### Work to be completed
Repeat the stretch of entries below from the line with "For any further" through the line with "To install the". Include both ends and add nothing.

### Extracted information
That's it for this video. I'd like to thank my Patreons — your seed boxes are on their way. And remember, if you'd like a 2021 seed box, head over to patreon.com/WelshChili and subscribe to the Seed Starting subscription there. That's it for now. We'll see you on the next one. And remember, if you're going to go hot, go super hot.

...

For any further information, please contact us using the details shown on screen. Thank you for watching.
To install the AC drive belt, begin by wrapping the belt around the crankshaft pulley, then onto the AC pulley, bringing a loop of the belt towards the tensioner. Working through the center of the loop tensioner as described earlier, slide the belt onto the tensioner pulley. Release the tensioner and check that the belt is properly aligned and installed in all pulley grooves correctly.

### Answer section
For any further information, please contact us using the details shown on screen. Thank you for watching.
To install the AC drive belt, begin by wrapping the belt around the crankshaft pulley, then onto the AC pulley, bringing a loop of the belt towards the tensioner. Working through the center of the loop tensioner as described earlier, slide the belt onto the tensioner pulley. Release the tensioner and check that the belt is properly aligned and installed in all pulley grooves correctly.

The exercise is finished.